Statistics of ABX Testing

Blumlein 88

Grand Contributor
Forum Donor
Joined
Feb 23, 2016
Messages
20,769
Likes
37,633
I never worry about volume - because it makes zero difference when listening for defects: a mechanic doesn't move closer and further away from a car that's making a funny noise to "adjust the volume" - it's a yes/no decision as to whether there's a problem.

My gripe about so much of this testing is the use of the word "preference". To me, the sound is either 'right' or 'wrong', it's very clear cut - dud system A, dud system B, two unpleasantnesses - I would "prefer" to switch both off, and go outside ...

So you're a digital listener then. Everything is GOOD or BAD no in between. I guess you bypass all volume controls on all gear. The item is either on or off. Volume makes zero difference, there is either volume or no volume. I guess Fletcher_Munson doesn't apply to you. You can evaluate the relative frequency balance of a recording whether it is played back at 30 db or 130 db.

Your mechanic story is pretty funny too. I once worked on 24 cylinder methane powered engines. There were exhaust pipes, but in the building next to the engines it was around 115-120 db. If you simply listened to that even briefly you could hear nothing useful. Put on some ear muffs, knock that noise down 25 db, and you could hear details. You could hear a wrist pin making noise, or valves that needed adjusting or even that the timing was a bit off. So even your goofy mechanic example holds no water.
 

John Kenny

Addicted to Fun and Learning
Joined
Mar 25, 2016
Messages
568
Likes
18
We don't. So we rely on tests that qualify categories of products. Our job is to indicate how unlikely it is for some product to make a difference/improvement. How far we go and how much one relies on that is up to the person. Let's get the data on the table as there are a lot more blind tests that we even know about.
So can you give (put on the table) examples of "tests that qualify categories of products" & how we might use it to make a judgement about a specific device we might be considering?
 

fas42

Major Contributor
Joined
Mar 21, 2016
Messages
2,818
Likes
191
Location
Australia
So you're a digital listener then. Everything is GOOD or BAD no in between. I guess you bypass all volume controls on all gear. The item is either on or off.
Strangely enough, I have no volume control at the moment. More correctly, I do, but I run it at the end of the pot track, because I've changed the gain setting circuitry so that this means the pot is effectively out of the picture. Why? Because it's a crap, cheap Alps pot - at some stage I shall experiment with decent parts, to see if I can get "transparency" there.

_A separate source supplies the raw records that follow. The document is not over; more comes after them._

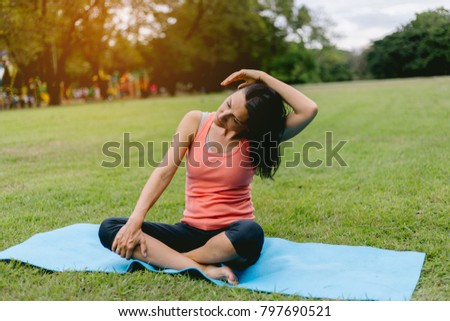 Woman do yoga and relaxation in garden. Woman exercising vital and meditation for fitness lifestyle at the nature background. Concept Yoga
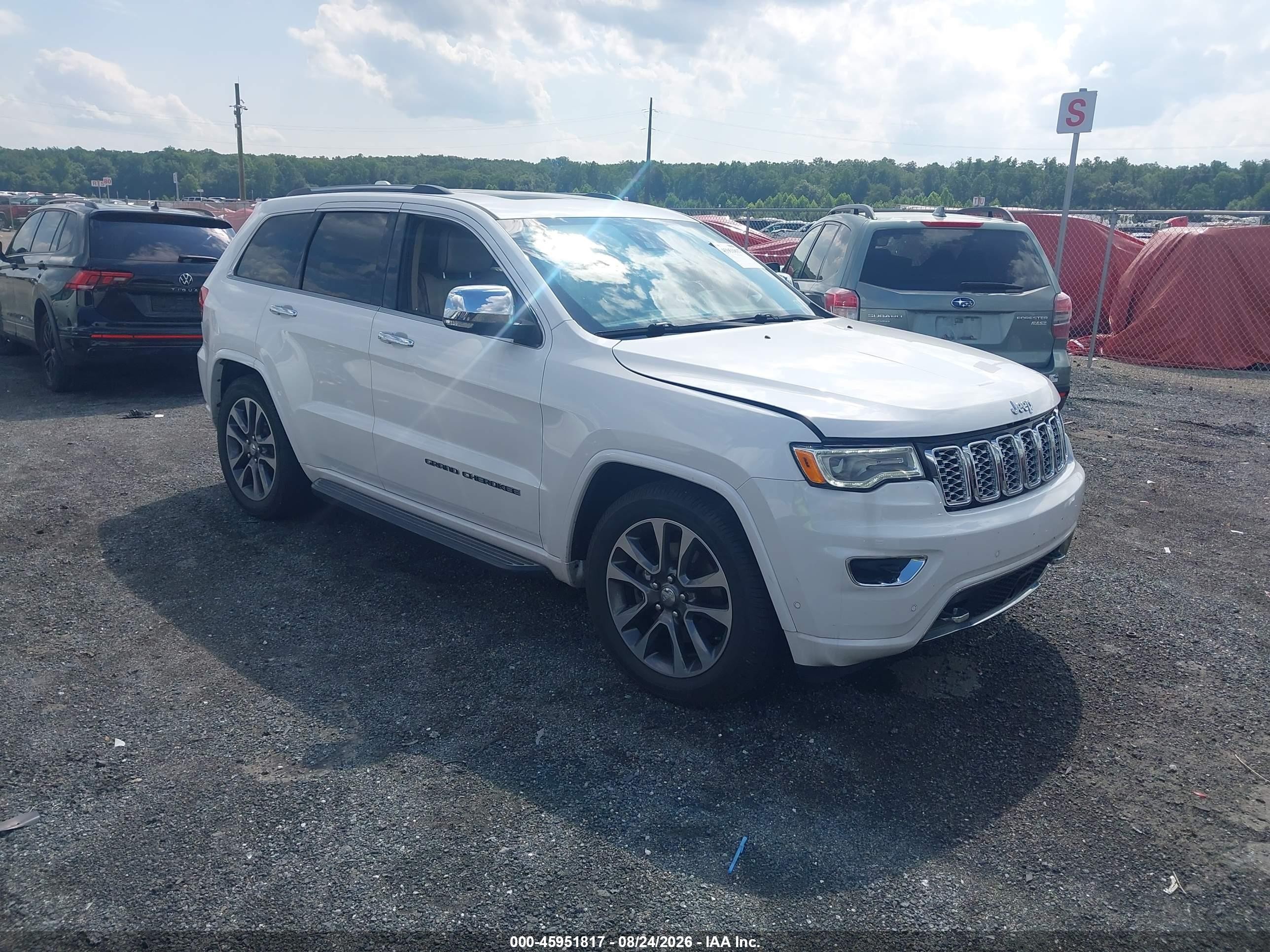 2018 Jeep Grand Cherokee VIN 1C4RJFCMXJC395990 — IAAI salvage auction photo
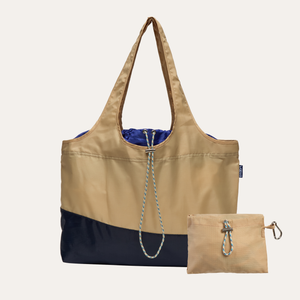 Beige and navy tote bag with matching pouch on a white background by BYBBA made from plastic from the ocean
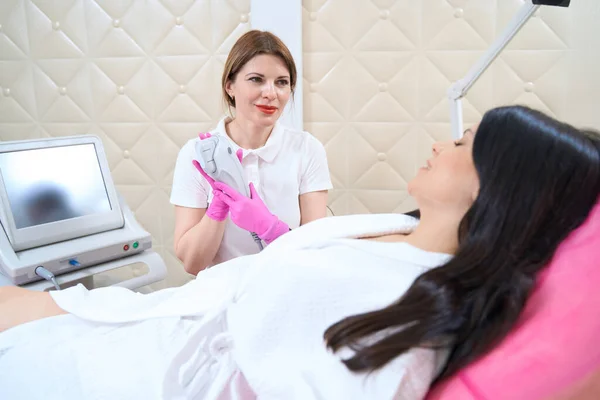 Smiling doctor with an ultrasound lifting device communicates with a female patient who is preparing for the procedure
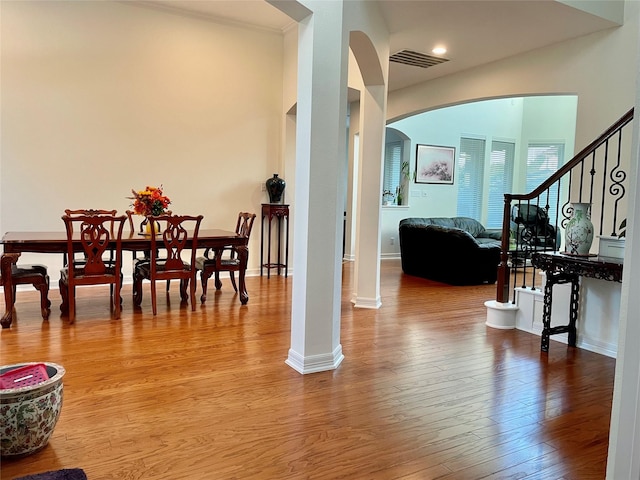 19406 Egret Haven Ln, Cypress, TX 77433 - dining room featuring arched walkways, wood finished floors, baseboards, and stairway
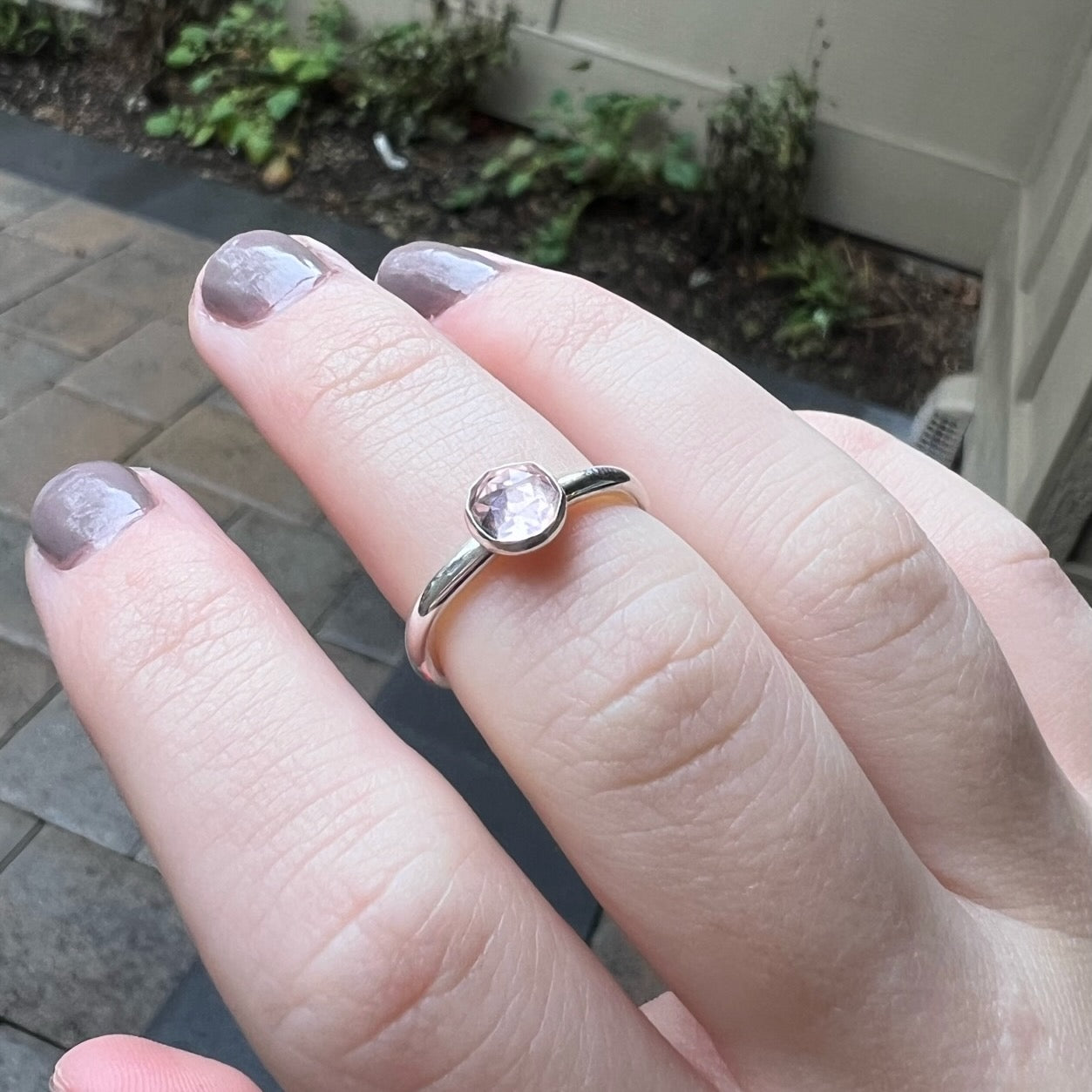 A 6mm round rose cut bezel set morganite gemstone on a sturdy silver band modeled on a finger.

Your mechanic story is pretty funny too. I once worked on 24 cylinder methane powered engines. There were exhaust pipes, but in the building next to the engines it was around 115-120 db. If you simply listened to that even briefly you could hear nothing useful. Put on some ear muffs, knock that noise down 25 db, and you could hear details. You could hear a wrist pin making noise, or valves that needed adjusting or even that the timing was a bit off. So even your goofy mechanic example holds no water.
Strangely enough, conventional cars don't have noise abatement issues - so we're not talking silly examples here. The point being, is that you listen for something being wrong, that's the idea - if I hear nothing wrong, or I'm not in a fussy, investigative mood then it's 'right'; but if I I hear problems in just normal listening, or when I deliberately stress by putting on a very complex, treble infused track at high volume then it's 'wrong'.
 

fas42

Major Contributor
Joined
Mar 21, 2016
Messages
2,818
Likes
191
Location
Australia
Sorry fas but this couldn't be more wrong, unless of course you are referring to the most gross and obvious of defects.

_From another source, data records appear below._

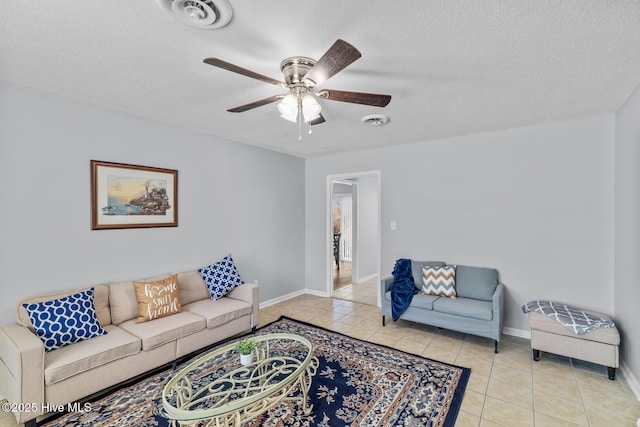 living room featuring light tile patterned flooring, ceiling fan, and a textured ceiling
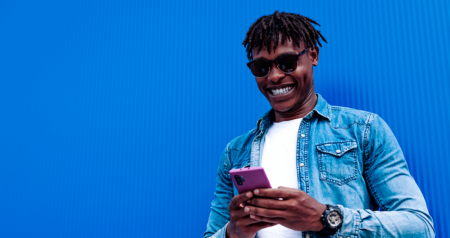 Homem em frente a parede azul sorrindo olhando para celular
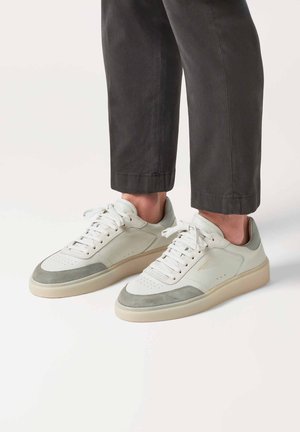Białe i szare niskie sneakersy z gładką skórzaną i zamszową cholewką, perforowanym noskiem, grubą beżową podeszwą i płaskimi białymi sznurówkami.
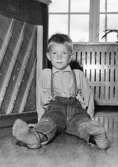 En pojke som sitter på golvet vid Holtermanska daghemmet 1953.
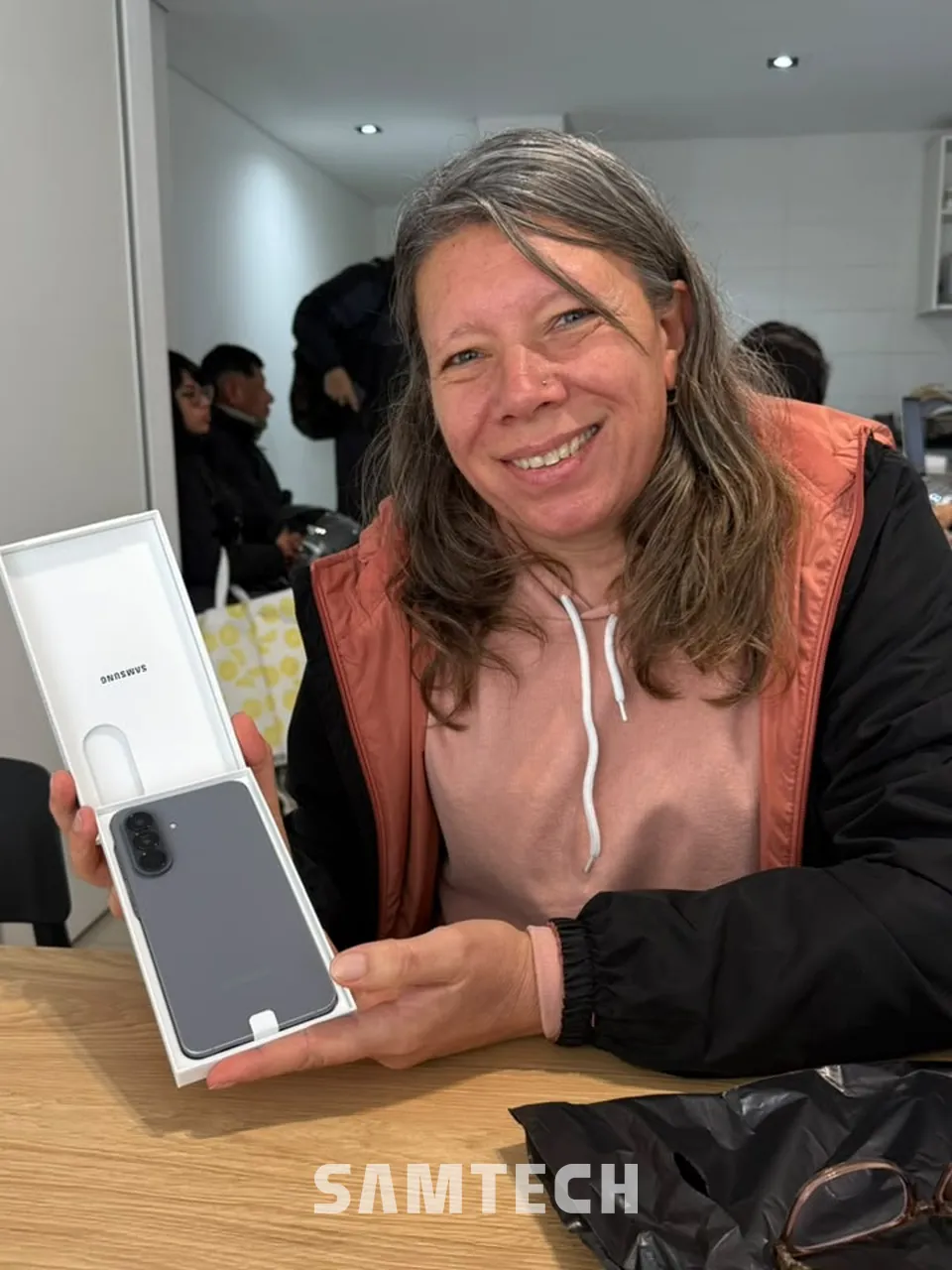 Cliente de SAMTECH con su celular nuevo en el local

Your hearing sensitivity changes with volume.

https://en.m.wikipedia.org/wiki/Equal-loudness_contour
To me, those defects are "obvious", because I very deliberately focus on listening for them. So I can hear them over a very wide volume range - and once I've zoomed in and noticed something then my consciousness has no problem "staying" with that artifact. What I will do is adjust the volume to see if the issue varies with level - usually a sign that a power supply is not optimum.
 

March Audio

Master Contributor
Audio Company
Joined
Mar 1, 2016
Messages
6,378
Likes
9,321
Location
Albany Western Australia
To me, those defects are "obvious", because I very deliberately focus on listening for them. So I can hear them over a very wide volume range - and once I've zoomed in and noticed something then my consciousness has no problem "staying" with that artifact. What I will do is adjust the volume to see if the issue varies with level - usually a sign that a power supply is not optimum.

Please provide evidence of that, beyond your subjective opinion. It is very likely to be the changes in hearing with level as described above.
 

fas42

Major Contributor
Joined
Mar 21, 2016
Messages
2,818
Likes
191
Location
Australia
Probably the clearest instance of that was the battleship Perreaux amp I started this journey with - it had a very noticeable issue in that the level of distortion of the treble was highly dependent on the output level - a pretty normal behaviour for many older era amps, of course. There was a clear point in the acoustic level where the cymbal splash started to go dead in the sound, the harmonics just fell off the cliff - whether I was close to the speakers or far away made no difference. And, no, it was not the speakers - it was highly dependent on the material, a piece that had a massive treble transient after some softer material was fine - the power supply had enough charge storage to handle this type of demand.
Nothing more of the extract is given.